(The task) Only the pictures are to be dropped; return all other data below exactly.

(Data excerpt)
* * * *

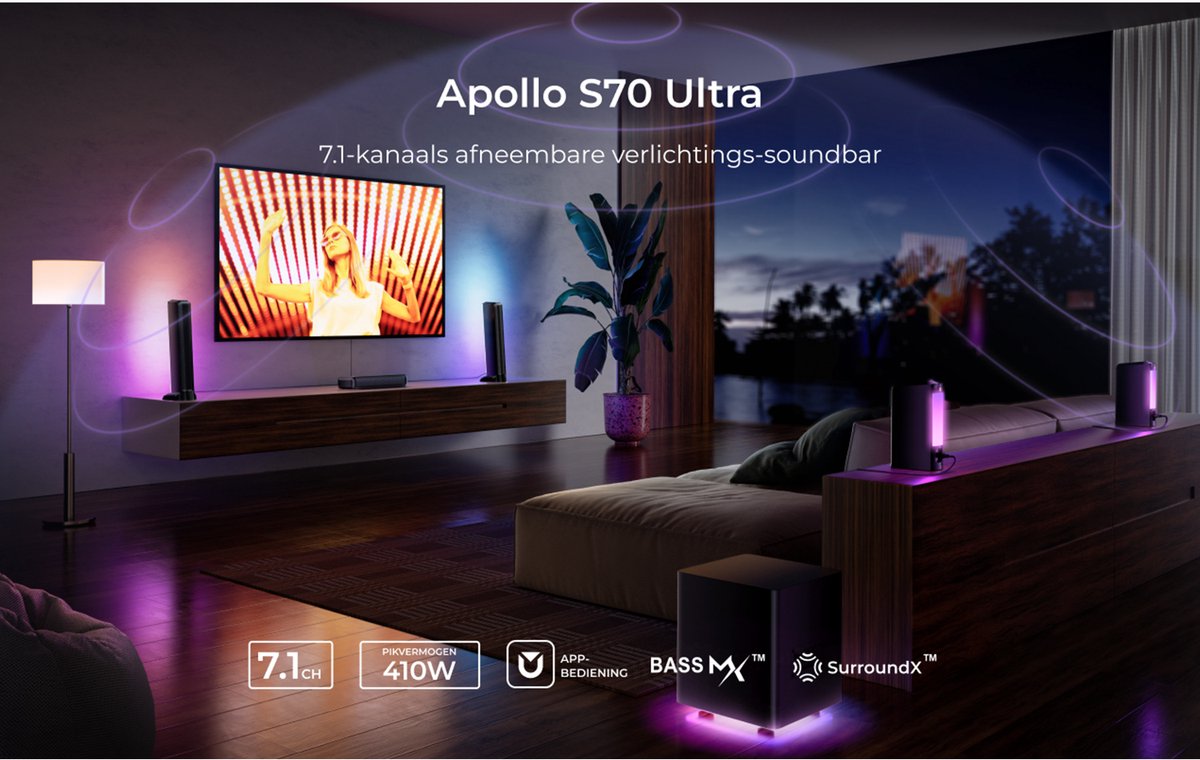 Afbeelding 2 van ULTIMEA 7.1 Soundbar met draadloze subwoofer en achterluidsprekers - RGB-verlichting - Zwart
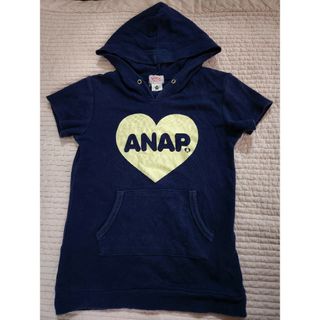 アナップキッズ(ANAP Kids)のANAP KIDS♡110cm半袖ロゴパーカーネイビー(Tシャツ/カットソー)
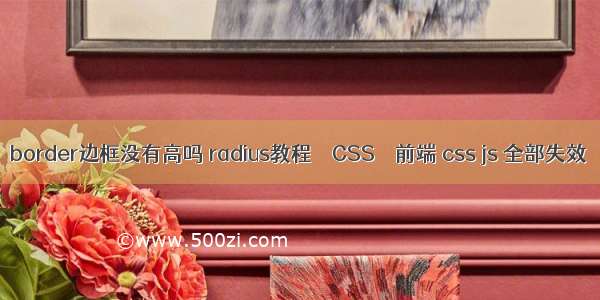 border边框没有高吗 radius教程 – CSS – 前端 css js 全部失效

* * * *

(Solution)
 Afbeelding 2 van ULTIMEA 7.1 Soundbar met draadloze subwoofer en achterluidsprekers - RGB-verlichting - Zwart
 アナップキッズ(ANAP Kids)のANAP KIDS♡110cm半袖ロゴパーカーネイビー(Tシャツ/カットソー)
 border边框没有高吗 radius教程 – CSS – 前端 css js 全部失效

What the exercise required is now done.